Here are some of the most common data types you'll encounter while using Python (and programming languages in general):

* **int**: Integers (e.g., `a = 2`).
* **float**: Decimal numbers (e.g., `a = 2.01`).
* **str**: Strings, which denotes text (e.g., `a = "2"` or `a = '2'`).

Operations and functions work differently for different types. For example, subtraction works with numeric types like floats, but not with strings.

In [3]:
# Subtraction with floats
life_exp - 2

26

In [4]:
# Subtraction with strings?
continent - 2

TypeError: unsupported operand type(s) for -: 'str' and 'int'

In contrast, addition works for both strings and numbers:

In [5]:
# Addition with floats
life_exp + 2

30

In [7]:
# Addition with strings = concatenation
'South-' + continent
  # only works with other strings. same type required
    
# You can accidentally delete python base (but can restart kernel to fix)
# example: del print

TypeError: can only concatenate str (not "int") to str

### 💡 Tip: Guidelines for Variable Names

- Python is case-sensitive (`life_exp` and `Life_exp` are two separate variables).
- Use meaningful variable names (e.g. `continent` is more informative than `a_variable`). Ideally, you should be able to tell what is going on in the code and variables without having to run it.
- Don't use variable names that refer to existing variables and functions in Python (e.g., `print`, `sum`, `str`).

## Type Conversion

Types can get confusing. For instance, we can write a number as either an integer or a string.
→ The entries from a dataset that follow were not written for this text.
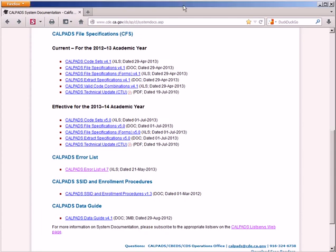In this demonstration, we will show you how to import your CALPADS extract files into Microsoft Excel. Note that this process may vary somewhat if you are not using Excel 2010.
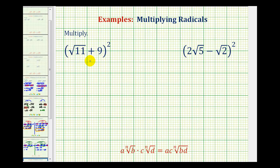We want to square a sum and difference involving radicals, or in this case, square roots. The main thing to remember here is there are no shortcuts. We cannot just square the first term and square the second term. We actually have to expand this and then multiply.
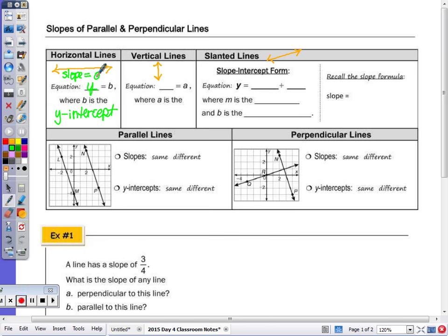For a vertical line, the equation is x equals some number, where that number is the x-intercept. The slope of a vertical line is undefined.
Python treats these differently, even if to us the value is the same:

In [8]:
a = '3'
b = 3

b - a

TypeError: unsupported operand type(s) for -: 'int' and 'str'

Even though our intention is to do numeric subtraction, the type of `a` is a string, which results in an error.

If we could convert this to an integer, the operation will work. 
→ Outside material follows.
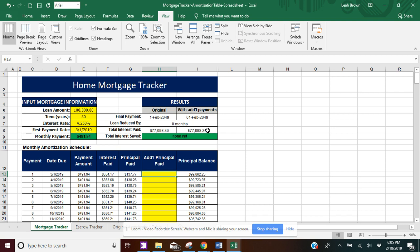The total interest paid will also be marked here with any additional payments, and how much interest you're saving over time.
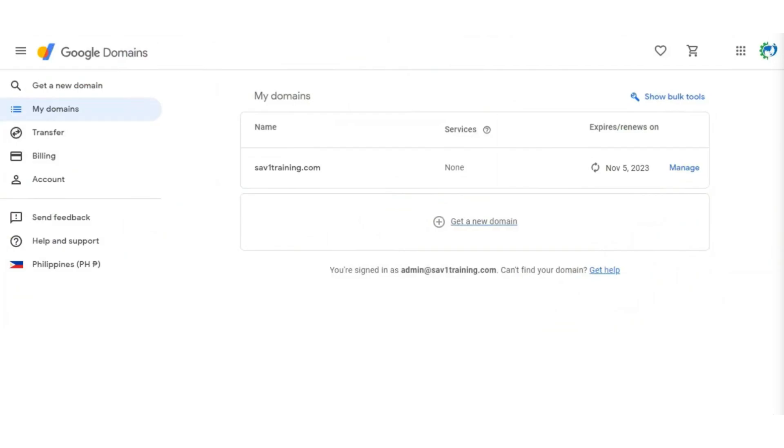So first, log into domains.google.com. After that, choose domains on the menu.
We can do this with **type conversion**. The `int()` function will convert the input to an integer:

In [9]:
int(a)

3

In [10]:
type(int(a))

int

In [11]:
b - int(a)

0

There are other type conversion functions.

- `str()` converts a variable to a string.
- `float()` converts a variable to a float. 

⚠️ **Warning:** If the value cannot be converted to that type, the function will return a `ValueError`. Run the cell below.

In [12]:
int('Netherlands')
# can't sensibly convert a string into an integer

ValueError: invalid literal for int() with base 10: 'Netherlands'

In the above case, the error means that **non-numeric characters** cannot be interpreted as a number.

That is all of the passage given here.